By P.Y. Tsikata (March 14th 2006)
"....children are the hope for the future of any generation of people and, if so, the world must consider the plight of these children who hold the key to Africa’s future, and respond to their call. Let’s not look on unconcerned whilst their lives are abruptly ended because of starvation....”
The call by the UN and other charitable and humanitarian organizations on the international community to donate towards the food crisis in Kenyan and other African countries in dire need of food to feed their starving populations appears to be playing out to an unresponsive community of donors who seem to be fatigued by the never-ending calls for food aid to support the starving who are in need of emergency food relief on the continent.

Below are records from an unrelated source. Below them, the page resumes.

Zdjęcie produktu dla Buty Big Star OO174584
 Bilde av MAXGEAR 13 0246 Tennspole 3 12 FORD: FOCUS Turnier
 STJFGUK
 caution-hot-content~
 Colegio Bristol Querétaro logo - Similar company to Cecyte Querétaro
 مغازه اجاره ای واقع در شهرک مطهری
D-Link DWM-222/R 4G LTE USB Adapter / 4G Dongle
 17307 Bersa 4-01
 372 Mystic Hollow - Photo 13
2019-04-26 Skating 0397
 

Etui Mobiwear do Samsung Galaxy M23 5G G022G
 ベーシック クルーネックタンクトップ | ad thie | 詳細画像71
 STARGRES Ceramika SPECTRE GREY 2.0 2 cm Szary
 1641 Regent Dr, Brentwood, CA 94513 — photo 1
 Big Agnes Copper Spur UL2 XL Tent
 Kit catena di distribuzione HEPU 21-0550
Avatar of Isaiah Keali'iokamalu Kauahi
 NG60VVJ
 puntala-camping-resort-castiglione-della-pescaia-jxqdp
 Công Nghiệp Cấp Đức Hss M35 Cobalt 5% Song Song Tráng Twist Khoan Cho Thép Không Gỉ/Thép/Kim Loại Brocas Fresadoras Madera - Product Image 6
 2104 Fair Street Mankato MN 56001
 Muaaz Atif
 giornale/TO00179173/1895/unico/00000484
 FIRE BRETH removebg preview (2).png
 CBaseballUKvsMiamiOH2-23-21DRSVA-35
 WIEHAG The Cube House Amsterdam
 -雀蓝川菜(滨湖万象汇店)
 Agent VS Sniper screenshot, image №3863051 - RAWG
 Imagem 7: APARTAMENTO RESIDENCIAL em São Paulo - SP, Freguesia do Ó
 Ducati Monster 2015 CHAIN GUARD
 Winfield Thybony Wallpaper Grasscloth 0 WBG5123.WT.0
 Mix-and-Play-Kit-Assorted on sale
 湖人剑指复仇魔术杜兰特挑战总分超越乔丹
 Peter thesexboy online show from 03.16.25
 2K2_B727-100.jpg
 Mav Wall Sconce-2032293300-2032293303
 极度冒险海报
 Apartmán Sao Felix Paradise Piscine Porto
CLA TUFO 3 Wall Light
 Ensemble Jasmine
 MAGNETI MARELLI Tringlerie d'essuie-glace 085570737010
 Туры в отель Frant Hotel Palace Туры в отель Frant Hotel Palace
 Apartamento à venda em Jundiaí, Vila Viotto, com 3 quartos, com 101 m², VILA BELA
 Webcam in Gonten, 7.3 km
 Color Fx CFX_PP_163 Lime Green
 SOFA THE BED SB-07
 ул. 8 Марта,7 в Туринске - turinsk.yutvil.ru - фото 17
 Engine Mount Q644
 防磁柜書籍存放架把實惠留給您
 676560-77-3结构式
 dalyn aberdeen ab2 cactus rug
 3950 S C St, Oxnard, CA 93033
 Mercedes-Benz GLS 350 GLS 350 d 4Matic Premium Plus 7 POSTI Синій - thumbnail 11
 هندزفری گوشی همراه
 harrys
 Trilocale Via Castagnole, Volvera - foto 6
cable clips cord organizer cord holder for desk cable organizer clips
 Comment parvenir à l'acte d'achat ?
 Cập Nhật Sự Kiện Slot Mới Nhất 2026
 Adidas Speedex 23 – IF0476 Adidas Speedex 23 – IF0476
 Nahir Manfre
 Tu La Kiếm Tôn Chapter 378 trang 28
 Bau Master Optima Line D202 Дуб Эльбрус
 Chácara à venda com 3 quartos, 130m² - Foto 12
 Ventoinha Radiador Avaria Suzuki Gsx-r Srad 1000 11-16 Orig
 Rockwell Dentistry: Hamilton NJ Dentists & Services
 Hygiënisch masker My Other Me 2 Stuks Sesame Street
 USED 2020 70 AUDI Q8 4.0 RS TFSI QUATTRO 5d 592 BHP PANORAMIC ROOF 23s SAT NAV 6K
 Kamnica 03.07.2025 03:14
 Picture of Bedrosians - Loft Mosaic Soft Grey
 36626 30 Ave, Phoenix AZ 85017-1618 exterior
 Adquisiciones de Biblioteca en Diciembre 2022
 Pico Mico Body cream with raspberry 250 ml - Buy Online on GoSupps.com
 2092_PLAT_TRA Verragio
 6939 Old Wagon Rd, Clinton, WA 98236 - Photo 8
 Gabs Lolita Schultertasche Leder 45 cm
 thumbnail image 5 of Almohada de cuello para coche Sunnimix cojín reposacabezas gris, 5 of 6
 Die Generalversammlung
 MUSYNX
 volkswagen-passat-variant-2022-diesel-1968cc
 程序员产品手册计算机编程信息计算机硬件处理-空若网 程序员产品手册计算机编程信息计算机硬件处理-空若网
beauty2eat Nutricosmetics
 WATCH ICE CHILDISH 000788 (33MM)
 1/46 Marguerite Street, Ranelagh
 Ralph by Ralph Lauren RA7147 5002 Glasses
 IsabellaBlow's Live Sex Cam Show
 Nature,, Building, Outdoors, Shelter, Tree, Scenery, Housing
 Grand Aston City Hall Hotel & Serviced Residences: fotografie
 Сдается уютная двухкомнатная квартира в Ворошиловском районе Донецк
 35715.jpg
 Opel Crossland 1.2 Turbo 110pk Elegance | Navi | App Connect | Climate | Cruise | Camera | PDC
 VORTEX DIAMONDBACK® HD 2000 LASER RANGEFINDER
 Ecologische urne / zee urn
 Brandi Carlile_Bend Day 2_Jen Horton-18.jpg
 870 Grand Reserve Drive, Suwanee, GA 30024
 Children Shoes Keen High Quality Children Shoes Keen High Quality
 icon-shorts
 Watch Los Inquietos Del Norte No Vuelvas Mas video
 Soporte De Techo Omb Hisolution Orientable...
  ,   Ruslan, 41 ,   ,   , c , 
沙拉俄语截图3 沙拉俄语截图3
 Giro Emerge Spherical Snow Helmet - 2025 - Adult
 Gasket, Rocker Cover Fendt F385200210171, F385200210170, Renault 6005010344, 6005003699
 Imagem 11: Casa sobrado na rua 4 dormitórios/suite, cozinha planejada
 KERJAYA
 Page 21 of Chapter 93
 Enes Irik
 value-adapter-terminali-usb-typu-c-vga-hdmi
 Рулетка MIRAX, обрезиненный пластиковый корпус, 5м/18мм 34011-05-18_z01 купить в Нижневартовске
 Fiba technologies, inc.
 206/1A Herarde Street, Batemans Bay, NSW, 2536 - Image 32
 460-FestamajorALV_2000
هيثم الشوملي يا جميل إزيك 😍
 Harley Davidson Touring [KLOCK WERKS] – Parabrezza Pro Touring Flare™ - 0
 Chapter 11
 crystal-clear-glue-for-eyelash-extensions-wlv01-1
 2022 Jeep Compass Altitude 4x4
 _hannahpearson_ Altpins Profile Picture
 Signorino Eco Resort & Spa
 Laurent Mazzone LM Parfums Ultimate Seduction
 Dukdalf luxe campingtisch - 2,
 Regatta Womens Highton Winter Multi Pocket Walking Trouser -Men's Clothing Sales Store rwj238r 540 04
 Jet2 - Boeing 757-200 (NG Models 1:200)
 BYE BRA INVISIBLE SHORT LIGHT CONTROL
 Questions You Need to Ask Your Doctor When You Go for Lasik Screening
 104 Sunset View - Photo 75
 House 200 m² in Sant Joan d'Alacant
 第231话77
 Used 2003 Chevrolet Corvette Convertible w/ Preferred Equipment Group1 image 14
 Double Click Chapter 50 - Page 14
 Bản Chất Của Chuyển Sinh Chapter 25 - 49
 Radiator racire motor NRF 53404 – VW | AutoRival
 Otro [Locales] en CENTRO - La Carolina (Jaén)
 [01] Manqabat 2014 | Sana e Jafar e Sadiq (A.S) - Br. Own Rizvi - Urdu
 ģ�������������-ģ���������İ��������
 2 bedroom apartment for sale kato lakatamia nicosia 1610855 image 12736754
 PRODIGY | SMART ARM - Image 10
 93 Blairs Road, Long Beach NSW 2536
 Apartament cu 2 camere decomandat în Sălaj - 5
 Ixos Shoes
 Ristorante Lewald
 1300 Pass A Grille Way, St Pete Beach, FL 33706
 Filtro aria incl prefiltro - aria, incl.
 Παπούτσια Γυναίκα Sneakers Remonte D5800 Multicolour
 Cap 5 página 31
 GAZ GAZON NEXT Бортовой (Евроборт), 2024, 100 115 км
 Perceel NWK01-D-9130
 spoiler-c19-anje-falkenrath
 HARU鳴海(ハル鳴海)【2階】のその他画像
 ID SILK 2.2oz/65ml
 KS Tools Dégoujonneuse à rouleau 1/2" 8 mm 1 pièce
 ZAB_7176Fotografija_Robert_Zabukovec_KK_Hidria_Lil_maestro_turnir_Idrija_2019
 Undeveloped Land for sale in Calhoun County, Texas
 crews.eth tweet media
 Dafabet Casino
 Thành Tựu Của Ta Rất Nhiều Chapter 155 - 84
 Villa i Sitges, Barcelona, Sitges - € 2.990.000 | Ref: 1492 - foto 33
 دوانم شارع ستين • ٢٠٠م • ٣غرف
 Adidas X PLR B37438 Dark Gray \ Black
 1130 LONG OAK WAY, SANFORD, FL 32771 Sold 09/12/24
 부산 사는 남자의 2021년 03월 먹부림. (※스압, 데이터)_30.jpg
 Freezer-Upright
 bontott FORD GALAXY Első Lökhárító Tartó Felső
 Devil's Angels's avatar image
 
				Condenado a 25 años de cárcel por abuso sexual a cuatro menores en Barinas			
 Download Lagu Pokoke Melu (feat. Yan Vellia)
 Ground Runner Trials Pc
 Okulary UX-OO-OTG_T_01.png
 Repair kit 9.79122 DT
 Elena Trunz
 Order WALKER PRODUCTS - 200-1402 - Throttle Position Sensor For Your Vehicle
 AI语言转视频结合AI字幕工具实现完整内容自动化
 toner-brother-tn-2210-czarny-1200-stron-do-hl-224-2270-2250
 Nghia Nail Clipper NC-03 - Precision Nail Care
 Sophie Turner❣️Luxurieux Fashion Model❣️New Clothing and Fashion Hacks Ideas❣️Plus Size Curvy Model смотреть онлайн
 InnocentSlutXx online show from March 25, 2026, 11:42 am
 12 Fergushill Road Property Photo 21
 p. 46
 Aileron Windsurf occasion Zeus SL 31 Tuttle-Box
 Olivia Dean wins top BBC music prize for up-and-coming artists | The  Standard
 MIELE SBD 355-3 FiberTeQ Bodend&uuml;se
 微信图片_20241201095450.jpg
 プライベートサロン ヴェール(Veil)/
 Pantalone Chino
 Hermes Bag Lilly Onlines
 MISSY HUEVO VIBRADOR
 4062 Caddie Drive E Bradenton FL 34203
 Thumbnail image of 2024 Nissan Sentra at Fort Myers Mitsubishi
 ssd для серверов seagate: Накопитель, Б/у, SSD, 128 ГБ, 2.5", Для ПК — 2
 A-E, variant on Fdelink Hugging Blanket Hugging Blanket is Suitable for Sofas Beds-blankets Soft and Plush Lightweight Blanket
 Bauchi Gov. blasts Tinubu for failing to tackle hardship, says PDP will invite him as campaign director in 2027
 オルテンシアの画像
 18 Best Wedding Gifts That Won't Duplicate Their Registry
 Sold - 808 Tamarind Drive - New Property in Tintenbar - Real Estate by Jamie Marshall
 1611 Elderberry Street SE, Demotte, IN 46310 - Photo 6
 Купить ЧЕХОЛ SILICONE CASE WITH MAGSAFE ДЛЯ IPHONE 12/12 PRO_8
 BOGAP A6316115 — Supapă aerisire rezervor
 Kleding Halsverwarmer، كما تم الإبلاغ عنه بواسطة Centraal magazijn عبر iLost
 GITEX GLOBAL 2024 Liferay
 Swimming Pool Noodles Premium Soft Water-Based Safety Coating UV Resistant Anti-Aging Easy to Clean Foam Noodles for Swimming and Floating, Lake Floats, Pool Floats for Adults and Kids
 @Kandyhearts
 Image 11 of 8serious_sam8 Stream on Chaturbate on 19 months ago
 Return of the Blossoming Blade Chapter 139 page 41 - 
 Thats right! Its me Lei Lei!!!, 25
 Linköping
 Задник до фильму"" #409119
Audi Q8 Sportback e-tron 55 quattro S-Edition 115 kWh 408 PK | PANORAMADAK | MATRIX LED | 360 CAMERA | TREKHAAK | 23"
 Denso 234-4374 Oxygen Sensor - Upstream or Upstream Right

The UN’s Food and Agriculture Organization (FAO) estimates more than half of Africa is now in need of urgent food assistance. As though it was an apocalypse that is unfolding on the continent, hardly does the call for international assistance to save one country dwindles than another call emerges with very distressing and heart-rending pictures.
The situation is so desperate that internal mobilization of food aid from within the continent is virtually impossible, as most countries where there seems to be no news of hunger or starvation are actually on the tenterhooks. With huge food deficits in their own stock holds, they are only but enjoying some respite. They are, therefore, counting their own grains and treading carefully not to dole out the little they have to endanger their own populations, as the crisis looms across most of Sub-Saharan Africa.
Indeed, in these complex circumstances, the international community remains the only bastion of hope for the affected countries and their people. But business is as usual; whilst hope is fast fading for many who are moribund, the response so far has been as slow as a snail’s pace.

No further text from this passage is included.